Ten years ago, the read/write web was picking up steam. Services like Blogger, Flickr, Delicious, Upcoming and the nascent Facebook were doing something amazing: building publishing platforms that anyone could contribute to. You could share resources, build professional networks, publish to the world and gain audiences without any development expertise: you could just write, hit "post", and you were done. Publishing had never been as easy in the entire history of the world.
There is some consensus that these platforms were the seed for massive cultural change. We're still feeling the effects. Learning happens when people with different contexts, knowledge and assumptions encounter each other, and this is happening more than it ever has before.
But the social web was a proof of concept.

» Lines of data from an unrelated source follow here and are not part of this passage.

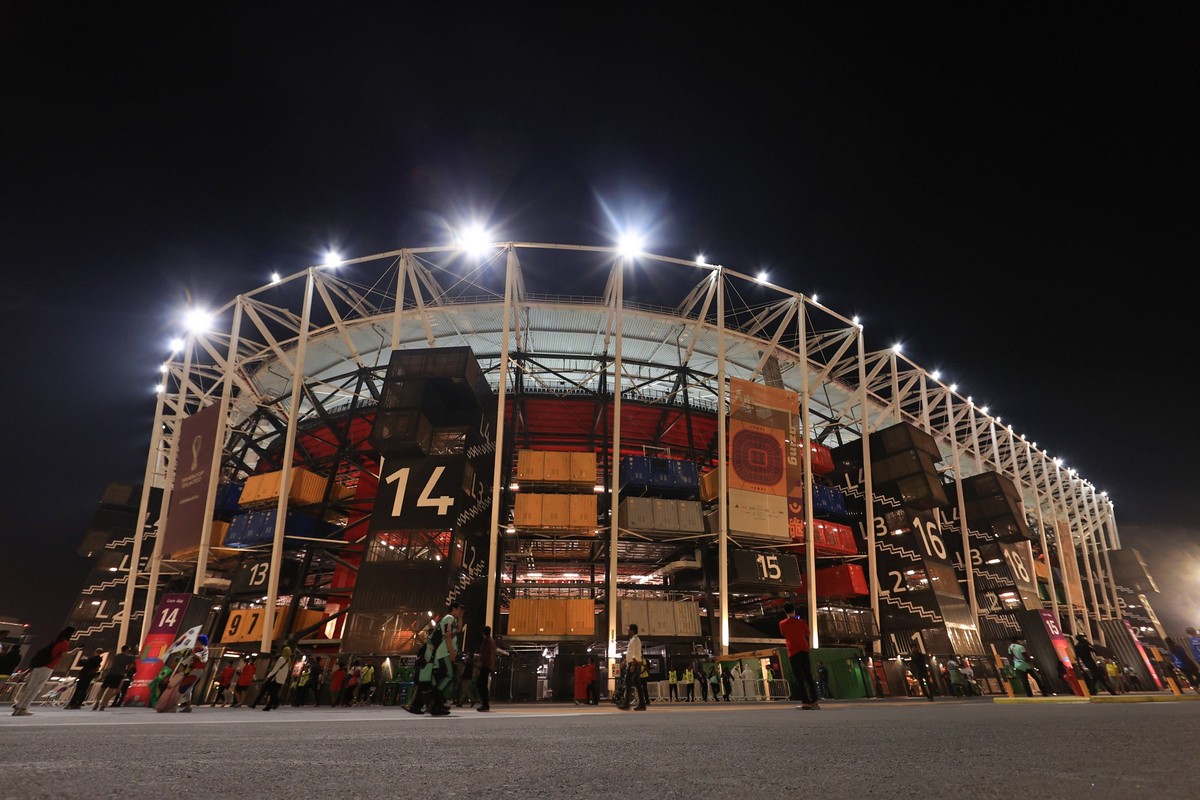 Football - FIFA World Cup, WM, Weltmeisterschaft, Fussball - Round of 16 - Brazil v Korea Republic 5th December 2022 - FIFA World Cup - Round of 16 - Brazil v Korea Republic - A general view GV of the ...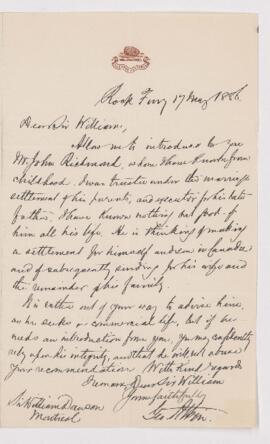 Letter, 17 May 1886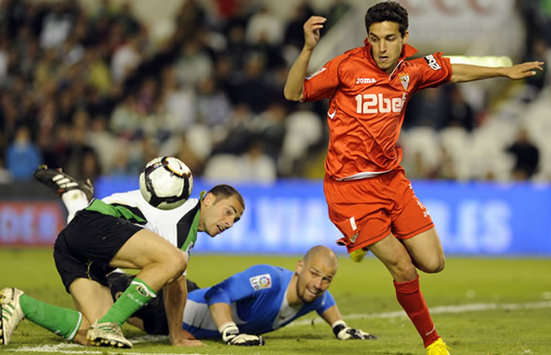 Lacen, Coltorti, Jesus Navas, Racing, Sevilla (Getty Images)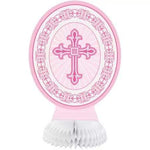 Unique Mylar & Foil Pink Red Cross Honey Comb Deco Balloons (3 count)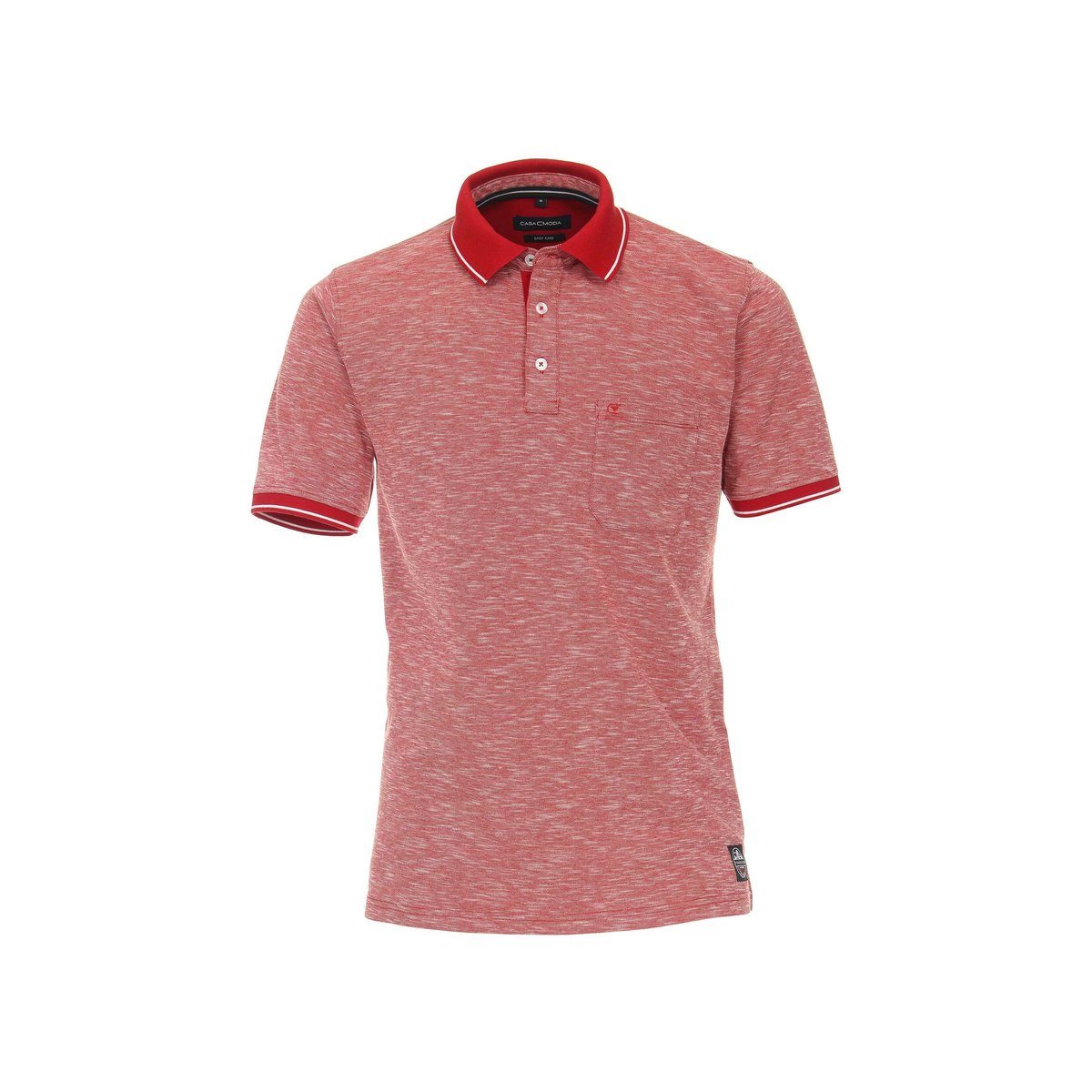 CASAMODA VENTI rot Poloshirt regular Hellrot (1-tlg)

We needed a space to experiment. There's an old maxim that says perfect is the enemy of the good: it's nearly impossible to create a perfect platform straight out of the gate. You need to figure out what works and what doesn't work, and iterate. That's why developers like to release early and release often. That first release probably isn't great, but the sooner you get your software in front of users, the sooner you can learn from how they use it, and change appropriately.
So it goes with Facebook, Twitter, and the other services that have come and gone over the years. We've learned a lot about social behavior. We understand how to create a great user experience that people find comfortable to use; we understand how to make it easy to share and to publish. Those things didn't come easily, but we have them, and the learning was made easier by creating simpler architectures: centralized systems where user activity could be observed.
It's time for the next step.
Open follows closed.
We know that we need to open our platforms, and that mass surveillance by governments around the world is a problem. It's even fair to say that it's a problem that's been enabled by creating these centralized proofs of concept. Luckily, the next evolution of the web is taking place.
The idea is simple: instead of everyone giving all their information to a site like Facebook, they keep it themselves, but still get to communicate easily using all of the great user experience discoveries we've made. You can still share selfies, make friends, listen to music together and share links, but now you do it in a space that's really yours, and that you get to have more control over.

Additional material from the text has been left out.